Dozens of listings pulled from internet

SINCE THE city got tough about stopping homeowners from renting out their houses to vacationers, dozens have removed their listings from VRBO.com and similar websites — and six have put their homes on the market — city attorney Glen Mozingo told The Pine Cone this week.

In July, the city signed a contract with a company called Host Compliance that tracks short- term-rental listings on numerous websites and has been compiling the information for the city, so officials can go after the owners. Renting a home in the residential district to anyone for a period shorter than 30 days is against the law in Carmel, but the ordinance had gone largely unenforced for years.

“The comprehensive review of the websites indicates a lot of listings have been removed,” planning director Marc Wiener said Wednesday. “It looked like from what I saw, it’s down to being the range of 50 to 70 short-term-rental listings, total, which I think is pretty good compared to when we first started looking into this a couple of years ago.”

Mozingo said that in the past 65 days, 129 rentals have disappeared from the websites, and he suspects that’s due in part to the publicity surrounding the couple who was sued by the city for refusing to stop using their house as a short-term rental, and eventually settled.

“Apparently my comments at city council have had some effect,” he continued. “Then there are letters that have gone out from our compliance officer showing we know they are engaging in that activity, and that they are to cease and desist, refund money given for any pending transactions, withdraw all advertising or promotion regarding availability of the property, and meet with the city attorney to discuss fees that should have been collected.”

Through Nov. 15, Mozingo is offering a “partial amnesty,” in which homeowners who were illegally renting out their properties for short stays can avoid paying the fees, fines and penalties, though they’ll still have to write a check for the 10 percent transient occupancy tax that hotels pay. (TOT is the single largest source of revenue for the general fund, and the 2017-2018 budget estimates the amount will exceed $6.2 million out of total revenues of $21.9 million by the time the fiscal year ends on June 30, 2018.)

Amnesty ending

Mozingo said there are 49 illegal listings, with another 32 that are suspected but need more research to confirm.
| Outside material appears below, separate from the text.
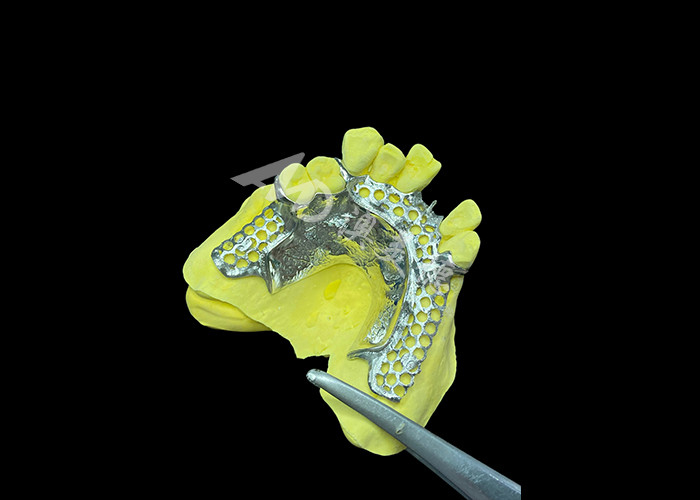Custom Cast Partial Denture Natural Looking Solution For Enhanced Comfort And Speech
Short- term rentals in the commercial zones are legal.

Of those that have removed their listings, seven have come forward seeking amnesty — and have agreed to provide all their numbers so the taxes can be tabulated — while many others have simply vanished.

“Some of them are just taking off and disappearing and hoping we don’t follow up,” he said. “Our intention is to follow up on all of them.”

And after Nov. 15, the owners will be on the hook not just for the back taxes for up to four years, but for all the fines, fees and penalties, too.

“The whole theme was to gain the community’s cooperation and compliance. The law has been on the books for 27 years but never really been enforced until now,” Mozingo said. “We’re very pleased with the response, and we will continue to monitor and take enforcement steps to ensure this activity is terminated and won’t be repeated.”